Segundo ele, as boas condições de liquidez das contas externas do País, proporcionadas sobretudo por superávits de transações correntes de 2003 a 2007 e ingressos expressivos de investimentos diretos estrangeiros nesse período, permitiram que o Brasil acumulasse um volume significativo de reservas cambiais, que foram fundamentais para mitigar os efeitos da crise internacional sobre a economia doméstica em 2008.

Em agosto de 2008, o País possuía US$ 205 bilhões em reservas, patamar que foi muito importante para que o Brasil enfrentasse a recessão mundial deflagrada naquele ano, como já manifestou o presidente do BC, Alexandre Tombini, e o seu antecessor, Henrique Meirelles. "Hoje, as reservas internacionais estão num patamar ainda maior, pois estão ao redor de US$ 350 bilhões", destacou Hamilton.

Regulação financeira conservadora

O diretor demonstrou orgulho em relação ao que é observado na economia brasileira nos últimos dez anos. Hamilton afirmou ainda que a regulação financeira conservadora diferencia o Brasil de outros países.     

Segundo ele, a crise de 2008 e 2009 mostrou que a "manutenção de um colchão de liquidez de compulsórios é fundamental" para o País.
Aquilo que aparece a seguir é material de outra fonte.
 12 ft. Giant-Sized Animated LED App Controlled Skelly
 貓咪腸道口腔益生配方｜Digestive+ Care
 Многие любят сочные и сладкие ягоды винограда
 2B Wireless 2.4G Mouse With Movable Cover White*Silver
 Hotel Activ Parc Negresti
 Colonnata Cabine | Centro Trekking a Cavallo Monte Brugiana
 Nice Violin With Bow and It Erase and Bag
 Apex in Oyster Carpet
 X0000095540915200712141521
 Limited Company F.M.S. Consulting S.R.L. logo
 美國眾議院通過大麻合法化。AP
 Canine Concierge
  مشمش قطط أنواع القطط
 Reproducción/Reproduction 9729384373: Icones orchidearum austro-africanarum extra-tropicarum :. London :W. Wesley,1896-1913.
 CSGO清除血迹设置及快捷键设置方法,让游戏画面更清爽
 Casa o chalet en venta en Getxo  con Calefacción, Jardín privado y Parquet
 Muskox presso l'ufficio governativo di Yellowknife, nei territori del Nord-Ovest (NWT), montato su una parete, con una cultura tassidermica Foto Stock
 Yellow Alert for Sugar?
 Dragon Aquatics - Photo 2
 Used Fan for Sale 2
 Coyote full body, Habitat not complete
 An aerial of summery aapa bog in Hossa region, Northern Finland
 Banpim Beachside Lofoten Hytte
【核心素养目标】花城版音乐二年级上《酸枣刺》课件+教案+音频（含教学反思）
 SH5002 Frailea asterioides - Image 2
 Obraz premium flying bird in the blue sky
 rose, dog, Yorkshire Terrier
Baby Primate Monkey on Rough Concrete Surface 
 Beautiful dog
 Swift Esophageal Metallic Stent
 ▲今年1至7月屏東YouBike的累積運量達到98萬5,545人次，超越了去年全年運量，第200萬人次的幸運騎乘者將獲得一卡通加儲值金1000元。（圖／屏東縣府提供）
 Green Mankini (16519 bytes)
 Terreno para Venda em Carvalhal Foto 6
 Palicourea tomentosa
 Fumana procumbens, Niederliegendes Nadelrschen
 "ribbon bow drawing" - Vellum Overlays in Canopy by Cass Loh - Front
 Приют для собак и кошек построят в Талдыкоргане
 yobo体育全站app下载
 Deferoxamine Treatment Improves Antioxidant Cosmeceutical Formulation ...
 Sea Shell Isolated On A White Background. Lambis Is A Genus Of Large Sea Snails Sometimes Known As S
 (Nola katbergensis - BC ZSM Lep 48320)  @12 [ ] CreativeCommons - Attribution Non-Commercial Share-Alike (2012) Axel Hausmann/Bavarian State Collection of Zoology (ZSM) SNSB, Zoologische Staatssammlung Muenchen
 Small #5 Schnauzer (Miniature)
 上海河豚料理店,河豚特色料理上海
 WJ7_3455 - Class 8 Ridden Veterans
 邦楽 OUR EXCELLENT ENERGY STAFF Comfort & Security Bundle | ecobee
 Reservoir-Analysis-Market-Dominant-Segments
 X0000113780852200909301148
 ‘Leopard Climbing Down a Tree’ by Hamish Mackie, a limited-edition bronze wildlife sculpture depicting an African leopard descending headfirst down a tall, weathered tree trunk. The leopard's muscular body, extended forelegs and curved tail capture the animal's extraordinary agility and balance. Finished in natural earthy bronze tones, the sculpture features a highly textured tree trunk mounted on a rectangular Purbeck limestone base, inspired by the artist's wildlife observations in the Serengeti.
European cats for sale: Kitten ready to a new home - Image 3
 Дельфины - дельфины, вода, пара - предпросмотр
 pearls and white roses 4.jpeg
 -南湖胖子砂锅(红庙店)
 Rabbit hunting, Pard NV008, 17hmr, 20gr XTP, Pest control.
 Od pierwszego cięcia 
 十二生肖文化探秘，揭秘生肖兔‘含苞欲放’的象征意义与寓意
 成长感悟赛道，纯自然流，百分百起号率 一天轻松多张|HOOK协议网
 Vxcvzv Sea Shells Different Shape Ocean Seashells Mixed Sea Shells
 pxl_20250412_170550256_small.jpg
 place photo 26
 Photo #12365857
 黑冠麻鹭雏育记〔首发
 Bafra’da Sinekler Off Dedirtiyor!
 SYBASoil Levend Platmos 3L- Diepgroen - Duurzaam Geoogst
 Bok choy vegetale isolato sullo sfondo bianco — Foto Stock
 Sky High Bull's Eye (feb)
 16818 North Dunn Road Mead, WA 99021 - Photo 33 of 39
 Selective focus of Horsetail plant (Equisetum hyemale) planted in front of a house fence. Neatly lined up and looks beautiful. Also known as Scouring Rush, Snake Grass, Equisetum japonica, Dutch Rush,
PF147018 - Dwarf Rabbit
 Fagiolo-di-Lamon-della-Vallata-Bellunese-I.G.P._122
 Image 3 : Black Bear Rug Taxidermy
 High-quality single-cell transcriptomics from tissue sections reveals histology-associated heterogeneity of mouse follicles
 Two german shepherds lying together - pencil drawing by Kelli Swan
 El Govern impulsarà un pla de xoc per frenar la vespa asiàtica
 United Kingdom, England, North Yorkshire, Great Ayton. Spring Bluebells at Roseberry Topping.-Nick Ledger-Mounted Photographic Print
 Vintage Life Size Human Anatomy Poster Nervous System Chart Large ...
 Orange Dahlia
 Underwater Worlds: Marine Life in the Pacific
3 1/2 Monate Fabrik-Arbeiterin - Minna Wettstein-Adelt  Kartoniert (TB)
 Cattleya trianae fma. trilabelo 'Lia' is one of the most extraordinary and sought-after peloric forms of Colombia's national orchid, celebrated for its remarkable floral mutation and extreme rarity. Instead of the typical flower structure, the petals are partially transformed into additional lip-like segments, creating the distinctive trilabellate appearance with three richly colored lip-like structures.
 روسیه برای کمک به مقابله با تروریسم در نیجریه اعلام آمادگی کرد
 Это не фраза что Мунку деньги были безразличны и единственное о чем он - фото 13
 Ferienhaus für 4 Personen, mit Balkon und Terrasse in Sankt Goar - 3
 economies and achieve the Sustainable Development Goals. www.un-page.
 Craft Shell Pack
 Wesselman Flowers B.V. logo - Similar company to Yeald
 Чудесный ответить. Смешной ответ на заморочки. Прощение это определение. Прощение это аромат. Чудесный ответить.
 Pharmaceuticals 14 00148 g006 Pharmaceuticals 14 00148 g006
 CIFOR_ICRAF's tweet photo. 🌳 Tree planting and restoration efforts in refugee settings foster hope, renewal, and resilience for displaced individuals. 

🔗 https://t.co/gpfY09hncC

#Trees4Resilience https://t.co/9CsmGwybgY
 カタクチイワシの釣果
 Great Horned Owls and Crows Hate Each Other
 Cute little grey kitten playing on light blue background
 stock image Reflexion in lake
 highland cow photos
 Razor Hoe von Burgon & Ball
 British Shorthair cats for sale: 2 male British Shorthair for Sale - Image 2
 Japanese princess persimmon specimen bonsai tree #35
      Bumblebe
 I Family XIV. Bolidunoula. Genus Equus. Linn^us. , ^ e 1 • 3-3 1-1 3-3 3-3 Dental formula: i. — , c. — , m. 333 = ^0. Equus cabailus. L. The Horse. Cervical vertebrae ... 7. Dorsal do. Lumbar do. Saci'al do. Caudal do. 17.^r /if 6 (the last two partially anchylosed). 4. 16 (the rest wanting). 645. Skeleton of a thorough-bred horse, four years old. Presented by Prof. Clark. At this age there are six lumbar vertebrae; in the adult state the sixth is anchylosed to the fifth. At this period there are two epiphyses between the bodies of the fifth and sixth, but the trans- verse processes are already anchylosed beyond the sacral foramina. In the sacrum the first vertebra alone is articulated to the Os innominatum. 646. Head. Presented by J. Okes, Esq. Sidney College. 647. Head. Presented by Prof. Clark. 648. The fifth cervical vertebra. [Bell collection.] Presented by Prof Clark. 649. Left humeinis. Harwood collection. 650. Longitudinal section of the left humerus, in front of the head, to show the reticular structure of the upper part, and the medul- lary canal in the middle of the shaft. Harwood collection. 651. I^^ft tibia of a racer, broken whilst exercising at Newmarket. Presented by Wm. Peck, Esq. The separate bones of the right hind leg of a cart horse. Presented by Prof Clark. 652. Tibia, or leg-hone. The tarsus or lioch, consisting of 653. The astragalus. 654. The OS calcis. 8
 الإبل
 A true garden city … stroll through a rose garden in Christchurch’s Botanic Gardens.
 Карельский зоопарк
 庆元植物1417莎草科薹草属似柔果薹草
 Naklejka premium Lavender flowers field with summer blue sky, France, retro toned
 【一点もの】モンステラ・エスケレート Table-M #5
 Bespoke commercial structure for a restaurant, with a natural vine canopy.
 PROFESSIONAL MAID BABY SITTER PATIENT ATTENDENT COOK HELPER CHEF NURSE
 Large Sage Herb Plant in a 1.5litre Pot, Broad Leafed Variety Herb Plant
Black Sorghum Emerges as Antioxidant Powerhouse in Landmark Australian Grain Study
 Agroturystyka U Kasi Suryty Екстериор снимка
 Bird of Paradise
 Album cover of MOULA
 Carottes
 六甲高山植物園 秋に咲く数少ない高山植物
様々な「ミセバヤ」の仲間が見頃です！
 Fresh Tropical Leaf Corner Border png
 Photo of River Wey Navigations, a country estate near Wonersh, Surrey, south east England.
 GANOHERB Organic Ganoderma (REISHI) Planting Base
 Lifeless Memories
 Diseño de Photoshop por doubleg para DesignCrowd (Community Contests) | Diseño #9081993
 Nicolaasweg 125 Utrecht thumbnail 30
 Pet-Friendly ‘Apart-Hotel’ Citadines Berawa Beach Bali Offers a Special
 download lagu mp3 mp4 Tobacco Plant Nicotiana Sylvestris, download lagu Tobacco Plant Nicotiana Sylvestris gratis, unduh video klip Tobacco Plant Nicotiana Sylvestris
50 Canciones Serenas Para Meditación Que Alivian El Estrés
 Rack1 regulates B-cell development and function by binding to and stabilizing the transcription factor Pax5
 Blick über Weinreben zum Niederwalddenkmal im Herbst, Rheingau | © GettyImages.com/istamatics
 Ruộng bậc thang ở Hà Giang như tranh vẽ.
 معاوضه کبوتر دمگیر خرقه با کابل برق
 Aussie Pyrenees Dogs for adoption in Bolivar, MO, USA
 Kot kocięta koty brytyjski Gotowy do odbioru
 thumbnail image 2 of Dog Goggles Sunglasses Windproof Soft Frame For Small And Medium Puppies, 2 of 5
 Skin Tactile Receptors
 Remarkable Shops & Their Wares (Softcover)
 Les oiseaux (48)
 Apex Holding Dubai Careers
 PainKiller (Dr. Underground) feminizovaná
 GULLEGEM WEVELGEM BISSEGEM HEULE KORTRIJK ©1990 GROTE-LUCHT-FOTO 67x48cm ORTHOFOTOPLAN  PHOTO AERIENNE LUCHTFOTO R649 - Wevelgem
Hamilton afirmou ainda que a regulação prudencial no Brasil ajudou o mercado de capitais na expansão vigorosa da segunda metade da década passada. "A regulação prudencial cuidadosa facilitou o soerguimento do mercado de capitais", disse. "A regulação prudencial foi positiva para elevação de crédito de 25% para 50% do PIB (Produto Interno Bruto)."

Especificamente sobre o crédito imobiliário, Hamilton afirmou que este mercado ainda é bastante pequeno no Brasil como proporção do PIB. Segundo ele, há "espaço para crescer nos próximos anos".